Former Japanese princess (1925–1961)

Shigeko Higashikuni (東久邇 成子, Higashikuni Shigeko), born Shigeko, Princess Teru (照宮成子内親王, Teru-no-miya Shigeko Naishinnō), was the wife of Prince Morihiro Higashikuni (grandson of Emperor Meiji) and eldest daughter of Emperor Shōwa and Empress Kōjun. She was the eldest sister to Emperor Emeritus Akihito, and paternal aunt to Emperor Naruhito.

==Biography==
Princess Shigeko was born at Akasaka Palace in Tokyo on 6 December 1925, the first child of Crown Prince Hirohito (later Emperor Shōwa), and his wife, Crown Princess Nagako (later Empress Kōjun) while her father was still Prince Regent for her grandfather, the Emperor Taishō. Her childhood appellation was Teru-no-miya (照宮) ("Princess Teru"). As was the practice of the time, she was not raised by her biological parents after the age of three, but by a succession of court ladies at a separate palace built for her and her younger sisters in the Marunouchi district of Tokyo from 1930. Emperor Shōwa opposed the move, but could not defy court tradition. She entered the girls elementary department of the Gakushūin Peer's School in 1932 and completed the secondary department in 1942, learning cooking and literature.

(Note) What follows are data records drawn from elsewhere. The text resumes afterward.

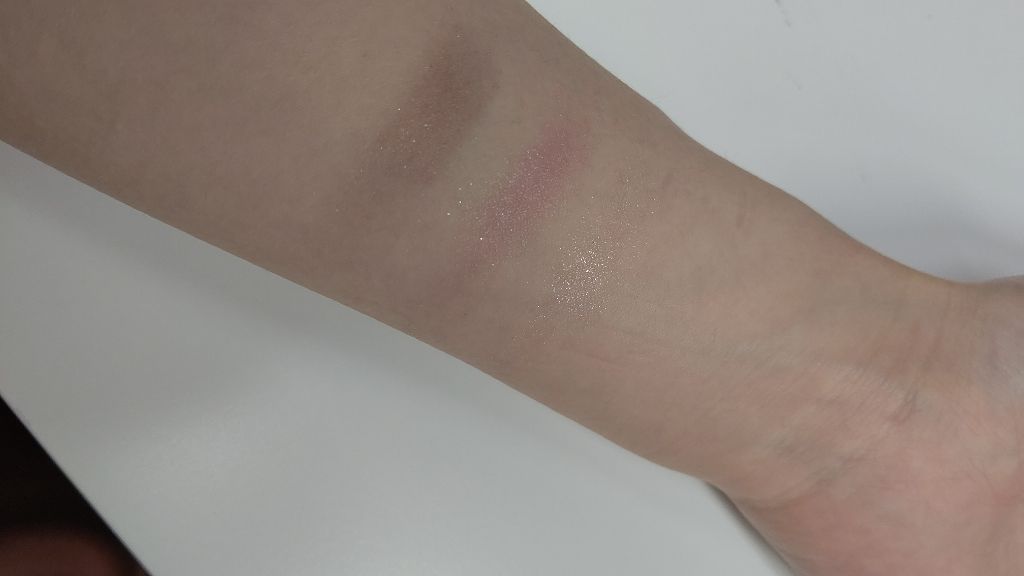 ジューシーピュアアイズ/キャンメイク/アイシャドウパレットを使ったクチコミ(2枚目)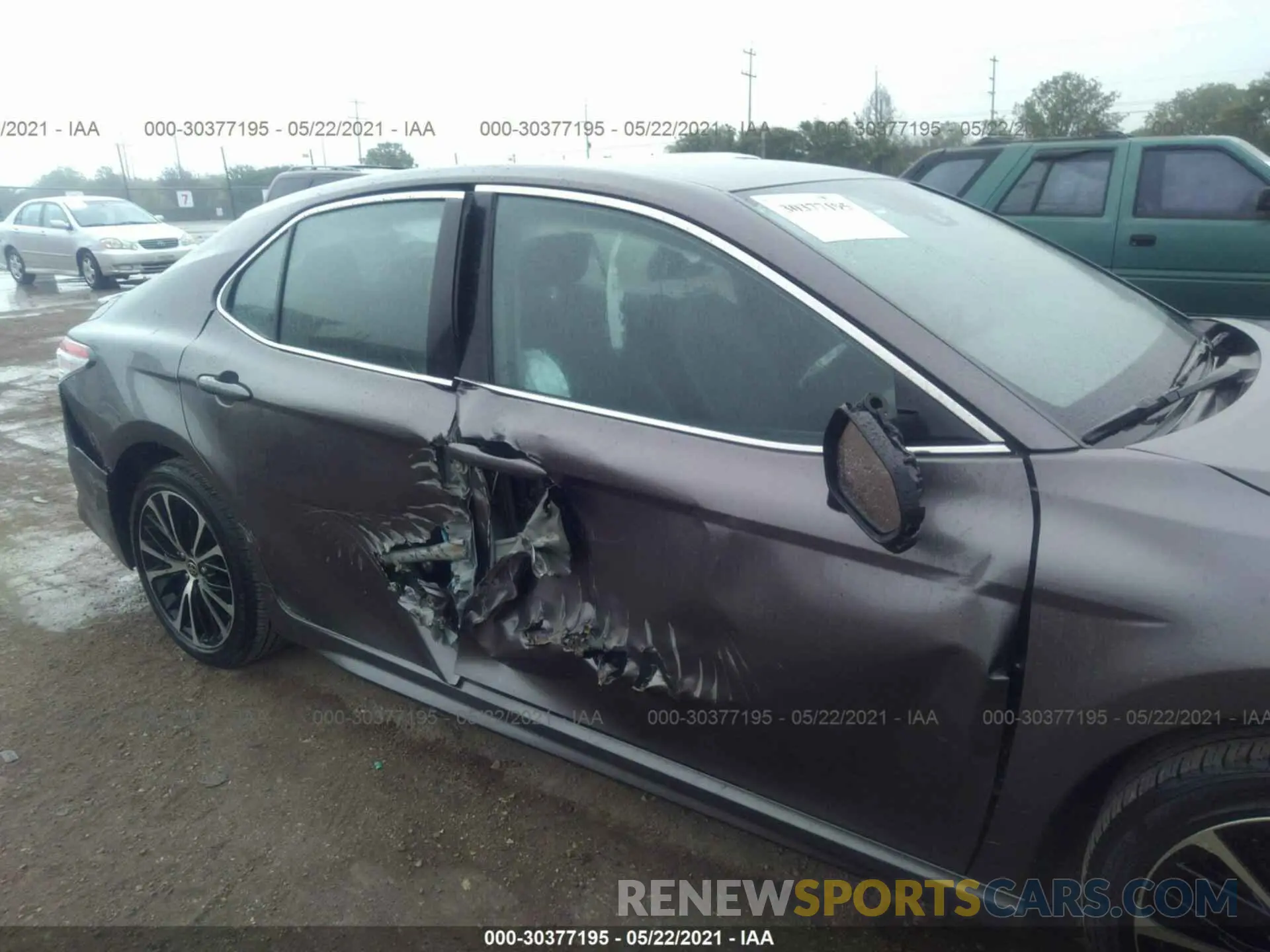 6 Photograph of a damaged car 4T1G11AK7LU359694 TOYOTA CAMRY 2020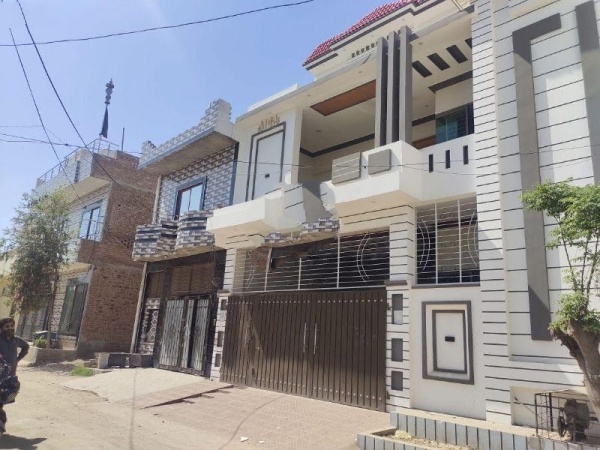 7 Marla House Is Available For Sale In Raza Garden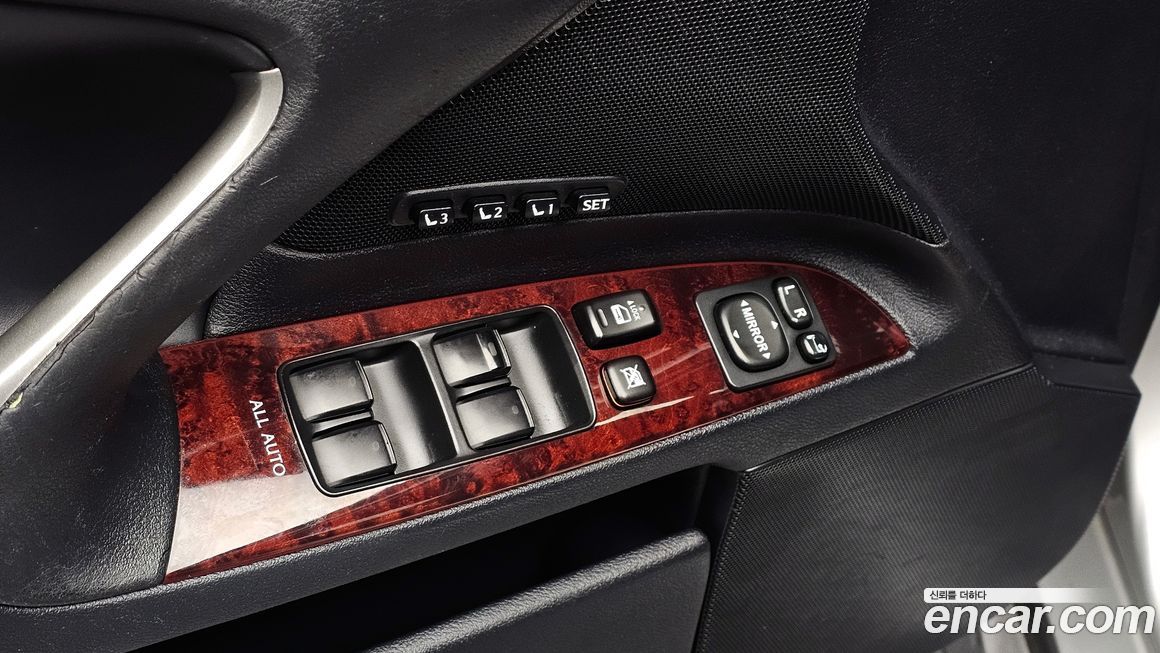Lexus IS 2008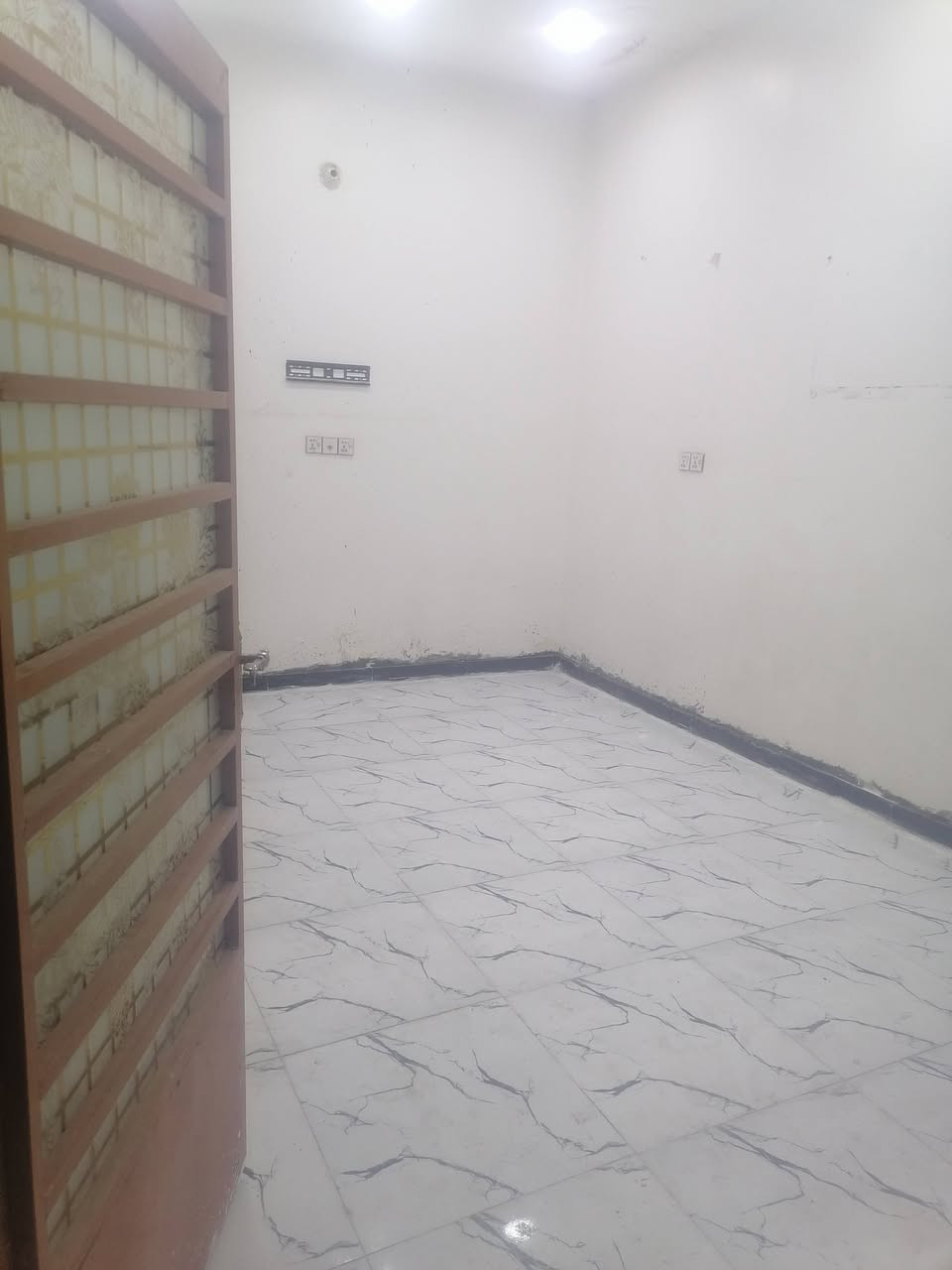 بيت لليجار بتقيه الثالثة بصف مدرسه البشير 100 متر بطول 5 ب20 بي غرفه وصاله ومطبخ وبراني بدون بيتونه وستارة البيت جديد جاهز تانكي ماطور كهرباء خط ومجاري شارع  ب250.قفلة ***********   0783 071 4683
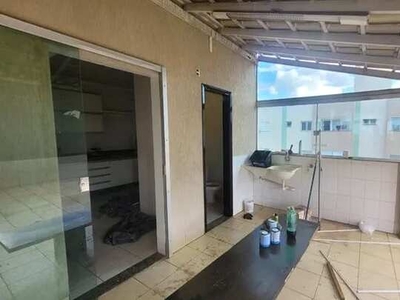 Cobertura para aluguel possui 160 m2 com 03 quartos no Bairro Umuarama - Uberlândia - MG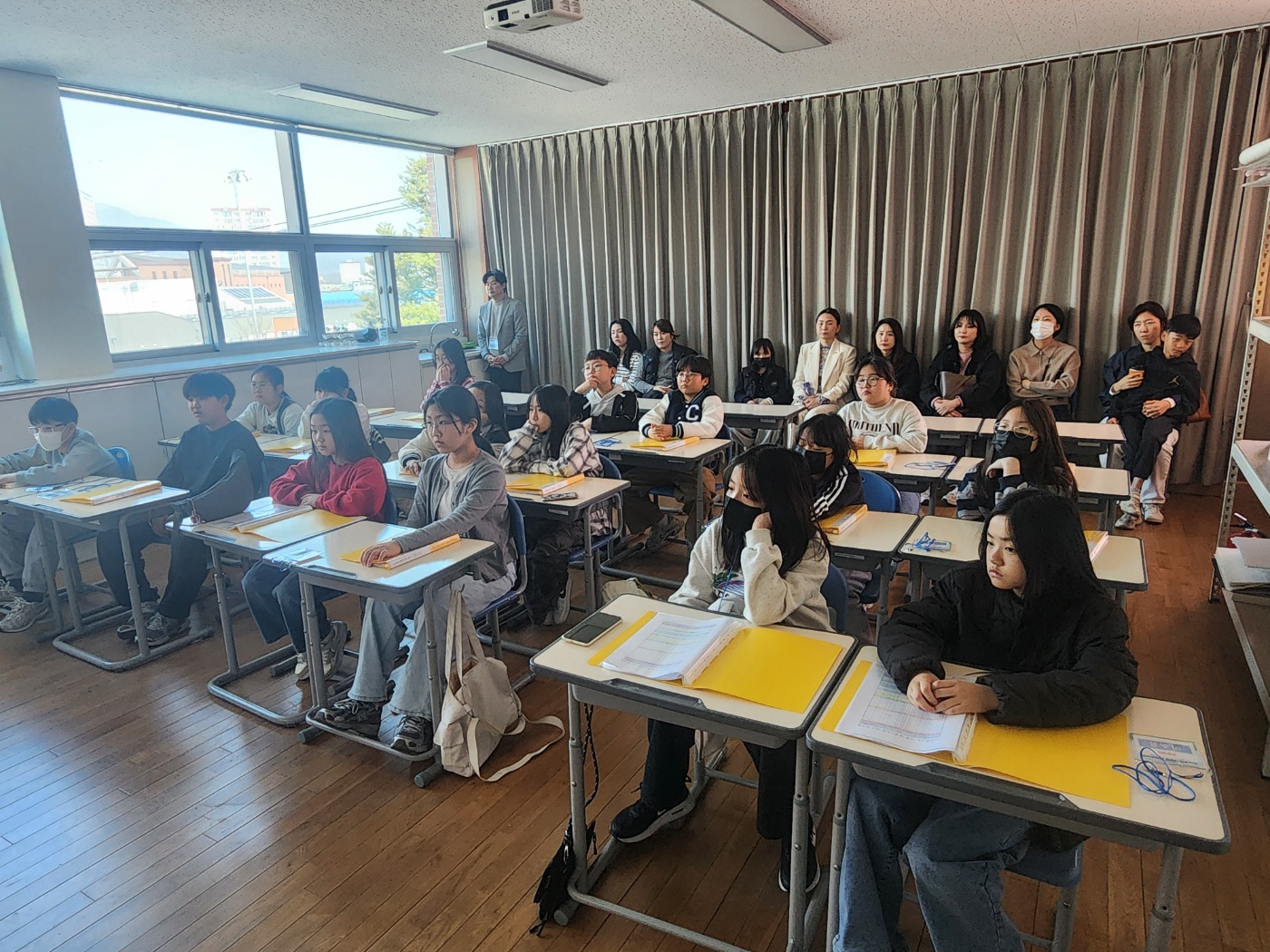 꿈을 향해 날아오르다! 거창교육지원청 영재교육원 힘찬 출발 - 관련이미지2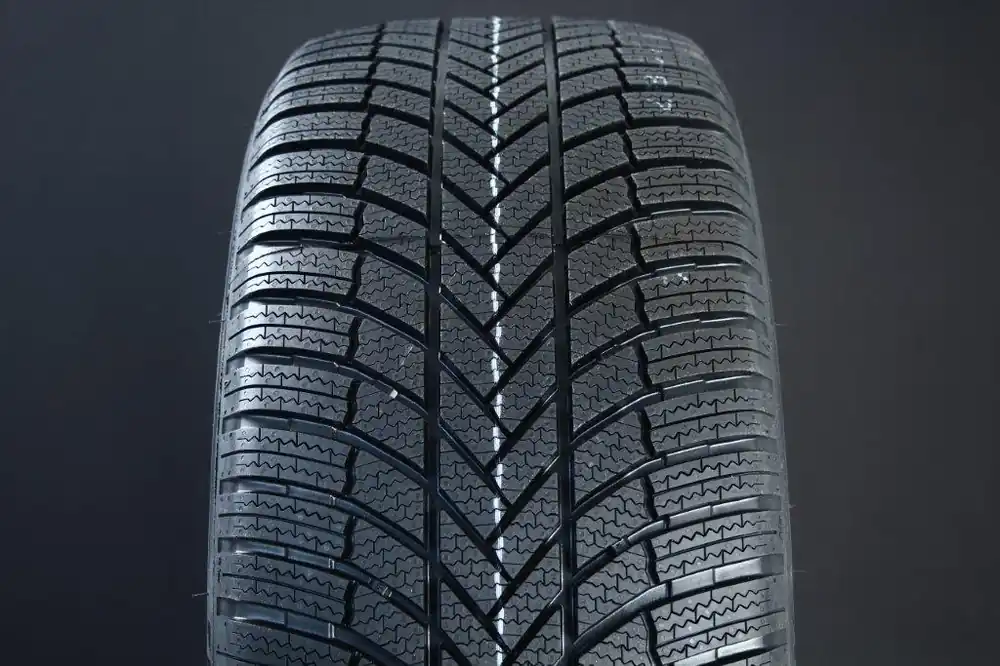 Handla nu 235/55R18 BRIDGESTONE BLIZZAK LM005 FRIKTION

On 9 May 1939, Princess Shigeko rode on the Chōshi Electric Railway Line in Chiba Prefecture from to Tōdaimae and back as part of a Gakushūin school outing.

In 1941, she was formally engaged to Prince Morihiro Higashikuni, the eldest son of Prince Naruhiko Higashikuni (later served as Prime Minister in 1945) and Toshiko, Princess Yasu (ninth daughter of Emperor Meiji) . The bride and groom were double first cousins once removed, through both the main imperial line, in descent from Emperor Meiji (the bride's maternal grandfather and the groom's father were siblings; meaning that the groom was a first cousin of the bride's father), and through collateral imperial lines, or ōke, that were cadet branches of the Fushimi-no-miya cadet branch of the imperial house. The couple were officially wed on 10 October 1943. As the wedding occurred in the middle of World War II, ceremonies and expenses were kept to a minimum, and she wore a junihitoe kimono belonging to her mother, Empress Kōjun, rather than having special clothing created for the occasion.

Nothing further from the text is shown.